— Task description —
Print the data once more, exactly as given. Drop the pictures.

++++++

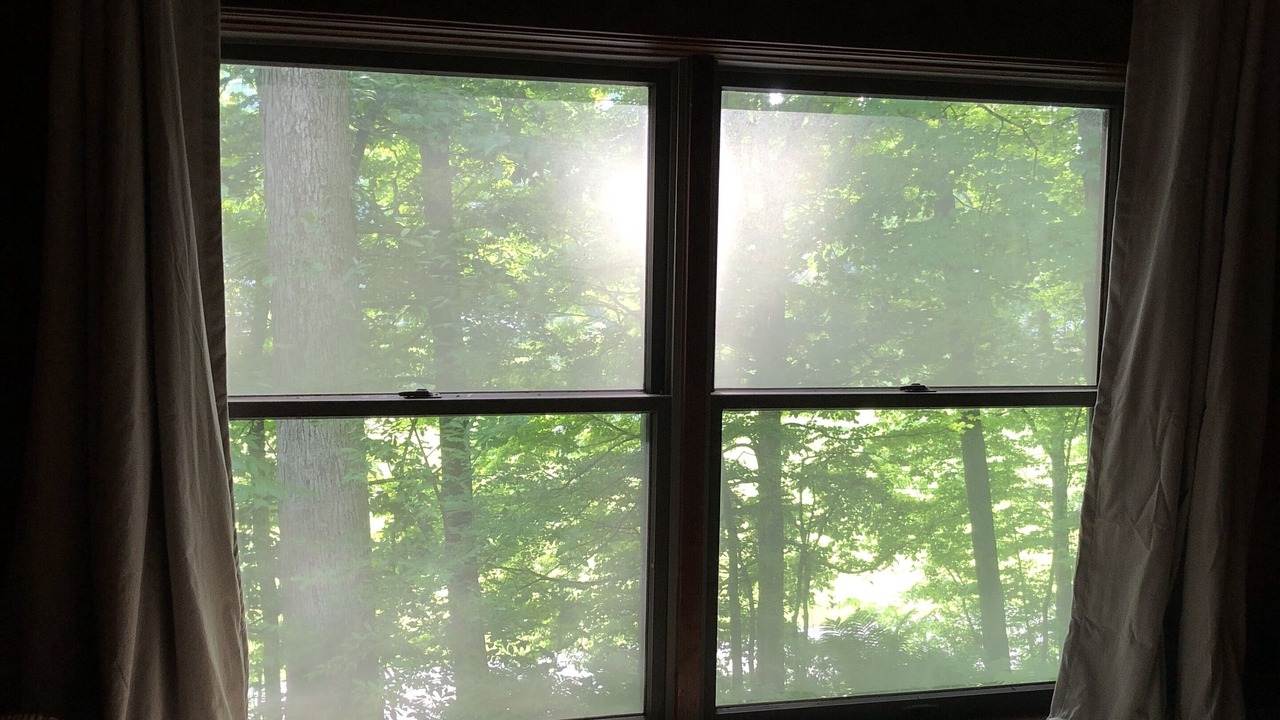 Photo of Others in Mansfield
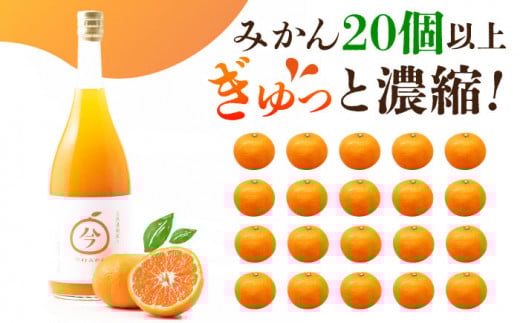 【“幻のみかん”20個以上】今村みかんジュース 720ml×2本【今村みかんジュースの会】 [HBI001] みかんジュース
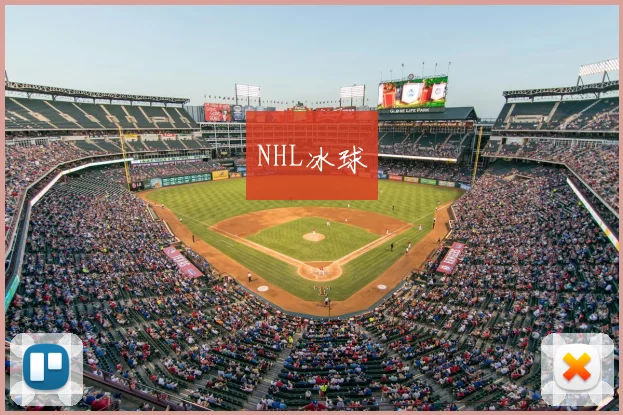NHL冰球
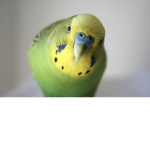 Budgies will rule the world!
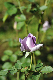 image0133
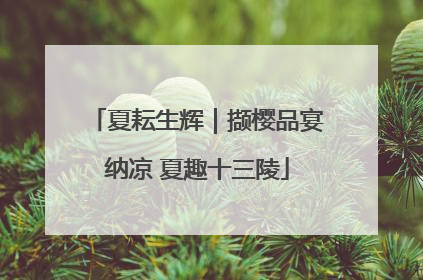 夏耘生辉｜撷樱品宴纳凉 夏趣十三陵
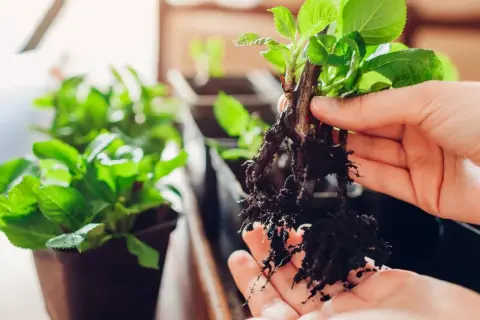 Dłoń trzyma sadzonkę z rozwiniętymi korzeniami, gotową do posadzenia. To jak naturalny ukorzeniacz z wierzby, który pomoże jej rosnąć.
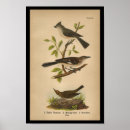 Search for mockingbird art Ornithology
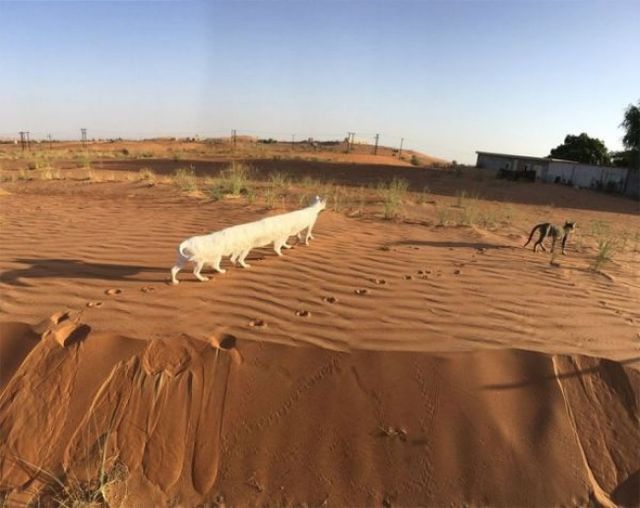 Щось пішло не так: 15 дивних панорамних фото - фото 315834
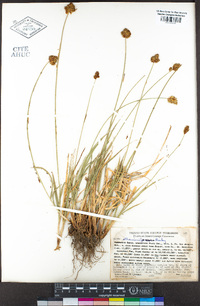 Carex straminiformis image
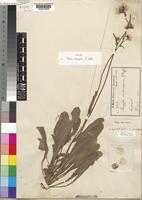 Syntype of Conyza subscaposa O.Hoffm. [family COMPOSITAE]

++++++

— Output of the task —
 Photo of Others in Mansfield
 【“幻のみかん”20個以上】今村みかんジュース 720ml×2本【今村みかんジュースの会】 [HBI001] みかんジュース
NHL冰球
 Budgies will rule the world!
 image0133
 夏耘生辉｜撷樱品宴纳凉 夏趣十三陵
 Dłoń trzyma sadzonkę z rozwiniętymi korzeniami, gotową do posadzenia. To jak naturalny ukorzeniacz z wierzby, który pomoże jej rosnąć.
 Search for mockingbird art Ornithology
 Щось пішло не так: 15 дивних панорамних фото - фото 315834
 Carex straminiformis image
 Syntype of Conyza subscaposa O.Hoffm. [family COMPOSITAE]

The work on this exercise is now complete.